19. Encher a Vida de Beleza e Poesia
Viver com sentido poético; isto é, com sabedoria e
amor, projetando luz sobre as coisas, descobrindo as profundas riquezas que
encerra a vida. Mover-se e observar o mundo com vocação criadora e
harmonizadora, com uma visão de totalidade, incorporando ano próprio viver a
força renovadora que em si contém a poesia. Fazer da nossa vida uma obra de
arte, uma realidade bela, harmónica e bem formada, na que se realize de forma
efetiva a síntese daquelas três qualidade do Ser – o bem, a verdade e a beleza
– colocadas em relevo pela filosofia platónica. Incorporar a elegância, a
finura e a delicadeza às diversas manifestações que configuram a nossa
existência quotidiana.
A cultura tradicional encontra-se banhada num mar
de poesia e beleza. Tudo nela é belo e encontra-se envolto num delicado alento
poético: desde os textos sagrados à arquitetura dos templos, desde os símbolos
dos utensílios que se são usados na atividade diária, desde o vestuário às
formas de vida. A diferença do que ocorre na moderna civilização industrial,
onde a arte é algo separado da vida quotidiana, reservado a uma minoria de
indivíduos privilegiados e ociosos, na cultura tradicional todo o homem é um artista
e um poeta: tudo o que faz tem um valor poético e artístico; vai criando arte e
poesia à medida que vive. Se a beleza é o resplendor da verdade, uma vida que se
encontra enraizada e inspirada na verdade será uma vida bela, da mesma forma
que quem vira as costas à verdade ou a despreza estará forçosamente condenado a
penar sob o erro e o horror, caindo numa existência feia e disforme. A vida do homem tradicional, que é o mesmo que
dizer do homem normal, encontra-se nos antípodas da vida prosaica do homem
moderno, uma vida cinzenta e opaca, que se vê asfixiada pela fealdade e pela
insustentabilidade, ensombrada por enormes monstruosidades de toda a índole.

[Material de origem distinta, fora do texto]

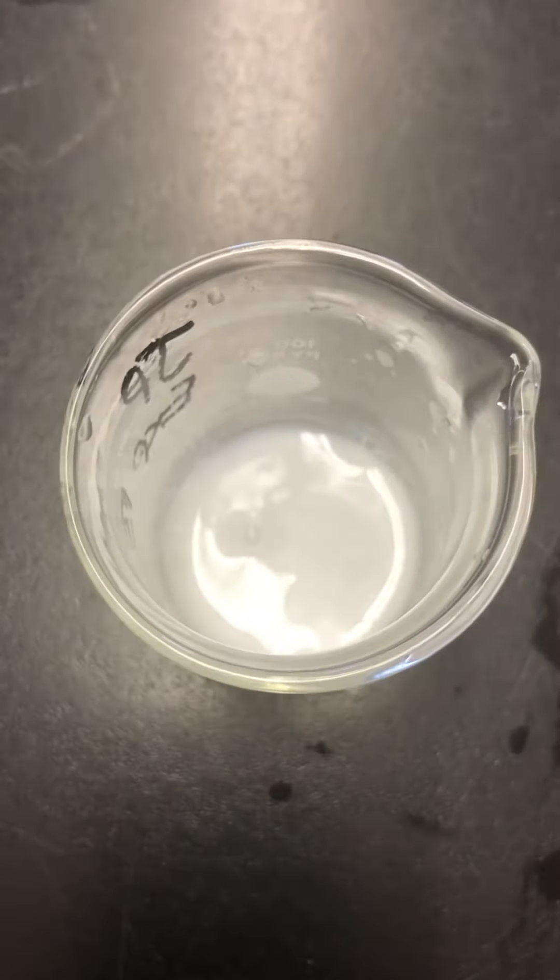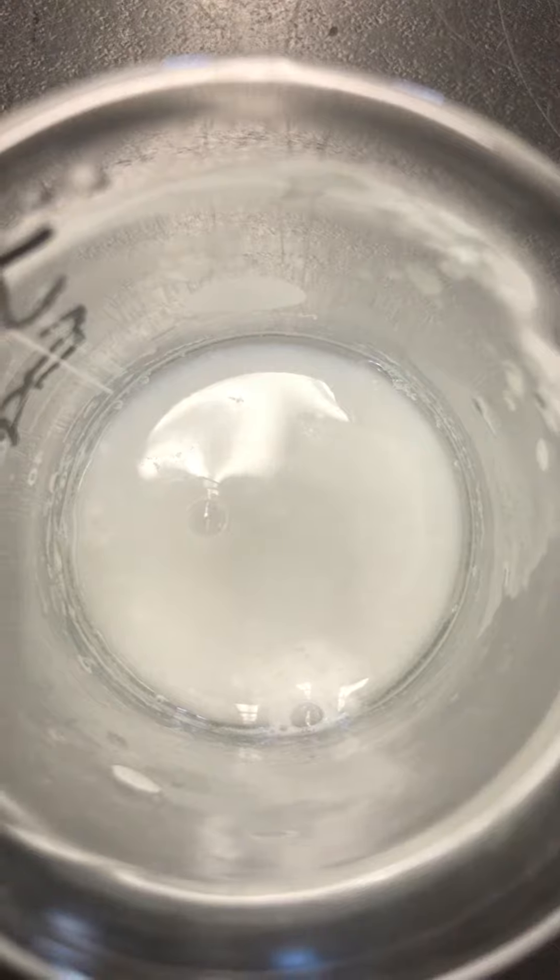So this is your final for solid five with water. And this is your final for solid five in acid.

20. Encher a Vida de Beleza e Poesia
Exercitar o corpo, para fortalecê-lo, endurecê-lo e
dar-lhe flexibilidade e resistência. Saber aproveitar todas as energias e
desenvolver todas as suas potencialidades, de tal modo que se converta num
firme apoio para a obra de elevação e realização espiritual. Não esquecer nunca
que a meta a alcançar é o desenvolvimento integral, harmónico e equilibrado da
pessoa. A doutrina tradicional – totalmente distante daquelas aberrantes
correntes espiritualistas que creem ver um antagonismo irredutível entre
espírito e matéria, entre alma e corpo, olhando com desprezo este último –
valora com ênfase especial o exercício físico e o cultivo da realidade corporal
do ser humano, atitude que tem o seu fundamento doutrinal na consideração do
ser sensível como manifestação da realidade espiritual e da estreita ligação
existente entre corpo, alma e espírito. Prova dela é a importância que na
cultura tradicional adquirem o trabalho manual, o artesanato, o canto e a
dança, o desporto como ação sagrada (os jogos gregos, as artes marciais
orientais, o Hatha-Yoga). A música e
a ginástica são os dois esteios propostos por Platão para a formação do homem
ideal (estando comprometida na noção grega de ‘música’ também a poesia).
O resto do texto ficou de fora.